Artificial Intelligence Is To The Mind What The Automobile Was To The Body

I spend a lot of time thinking about real world analogies for the Internet, and more recently for artificial intelligence. One analogy for the Internet I keep coming back to is the automobile, something which I think works well when also applied to AI. I feel like artificial intelligence is to the mind what the automobile has been for the body. I predict that in the 2100s we’ll be working hard to extract AI from our daily lives in similar ways to how we are working to extract automobiles from our daily lives today. I don’t think the Internet is relevant anymore, and everyone will see computers and networking simply as artificial intelligence moving forward, and AI will be used to abstract away meaningful things in our day in perpetually new and troubling ways.

Like the automobile, artificial intelligence will have utility and purpose in about 10-30% of the time. However, another 30% of the time it will be stretched and pushed to be used when it probably wasn’t the best solution. Then the final 30% of the time when AI is a really bad idea, because people are captured by market forces and thinking, they will choose to ignore the negative repercussions of AI until it is far too late. I don’t doubt that the automobile has significant uses and has transformed our world, but the way that we went all in on the automobile instead of light rail, or even just walking, is something that will reflect our decision making process for how artificial intelligence will be applied throughout our lives–whether we want it or not.
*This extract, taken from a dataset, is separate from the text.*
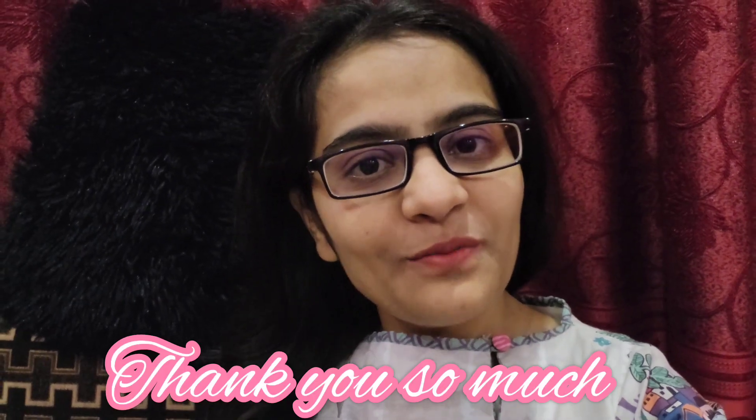So yes, I will finish the review here and that was it for today. I wish you all very good luck and stay blessed. Thank you so much.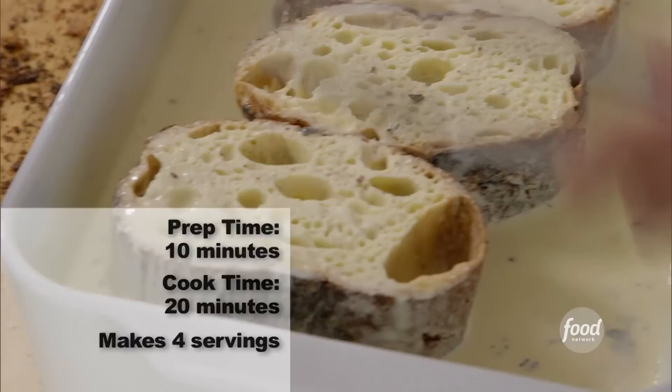This is going to take a little bit of planning on your part. You have to start making this recipe the night before because it's a custard-based pain perdue, and it's going to have to soak overnight.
Think about all the stupid money that was spent in the world between 1925 and 1975 on automobile infrastructure, and how we are just now learning how buses, rail, and walkable cities were starved out of the popular imagination in these moments. That is where we are with artificial intelligence. An obscene amount of money will be spent on AI infrastructure right now at the cost of the environment and our communities in coming years despite all evidence that it might not be the most logical approach. It won’t matter, because the people in power who are leading things are captivated by visions of artificial intelligence in the same way that city planners were captivated by the automobile in the early and transformative years of our cities and automobiles.
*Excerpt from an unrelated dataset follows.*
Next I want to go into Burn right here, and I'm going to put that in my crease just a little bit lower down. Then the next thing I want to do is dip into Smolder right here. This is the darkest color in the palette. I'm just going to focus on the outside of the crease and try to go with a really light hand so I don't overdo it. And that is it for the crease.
Consider getting in your car to drive two blocks to the convenience store, now imagine the AI equivalent. Or worse, think about getting your car to drive four blocks to the gym, when you probably should have walked, biked, or ran. What is the AI equivalent? Now, think about freeways crushing and dividing black communities during the 1950s and 1960s, and AI being used to determine which apartments you can rent based upon your credit score, or deciding whether or not you are a criminal in a court of law. You can look around our cities today and see evidence of the money spent to separate our physical world based upon class and race, which is something that will be much, much, much, more difficult to see when it is artificial intelligence.
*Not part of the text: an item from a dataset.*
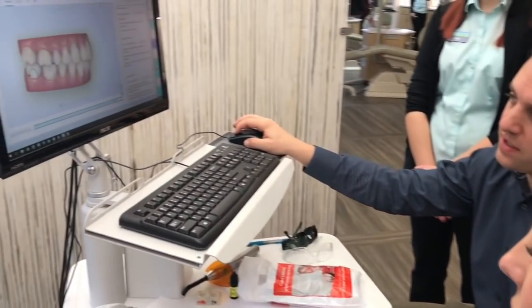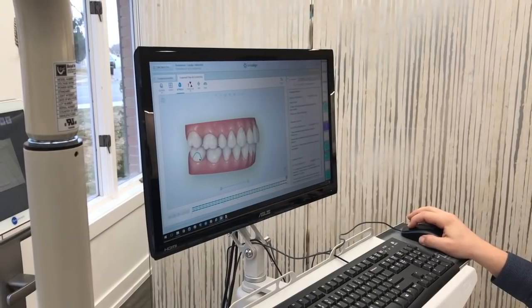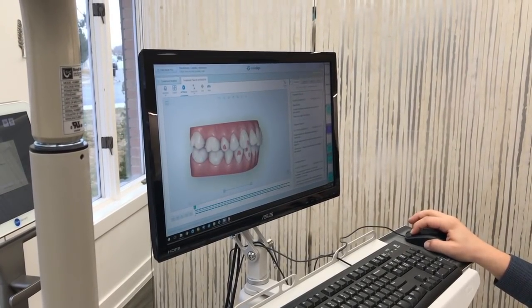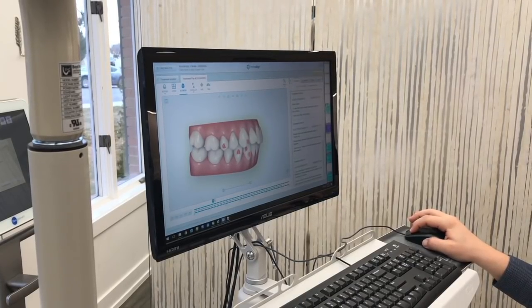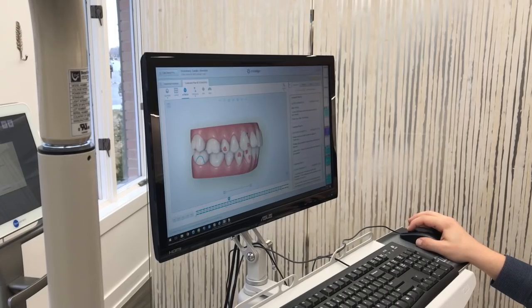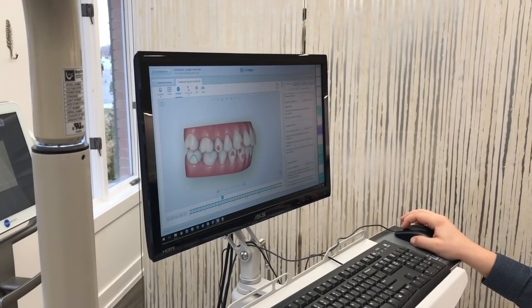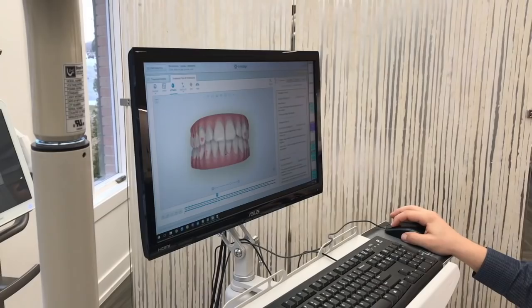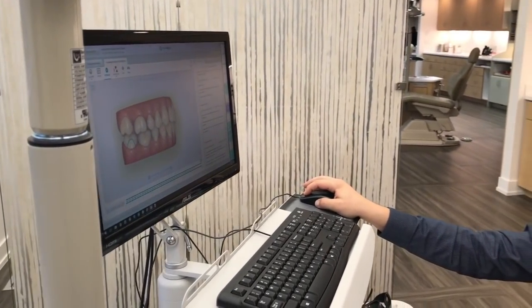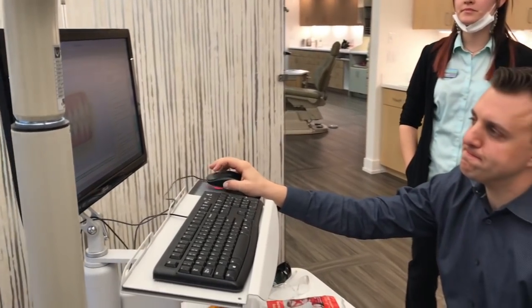These little blue marks are going to be the cutouts for your elastics. So those aren't going to be filled right now, but when you come in next time, the next ten aligners we give you are going to have these little cutouts, so they'll go a little bit different. And that's when we can start the elastics if we want to, and that's what takes care of that front-to-back correction.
I don’t argue that the automobile has done good, but you also can argue that the automobile has done many awful and horrible things to our world. For the first time in my life I am seeing that my life is better without an automobile. Once you get here you begin to see that the automobile has done more harm than good to our world. It is difficult to see when you are sitting in a car in traffic, and paying that car and insurance payment for the car in your garage–it will be impossible to see when sitting at the chat prompt, allowing AI to shape your world. We are entering an era of insanely stupid investment in artificial intelligence, only to eventually realize that the negative impact outweighs the benefits, but it will be too late and will be something that takes us centuries to dig out from the destruction.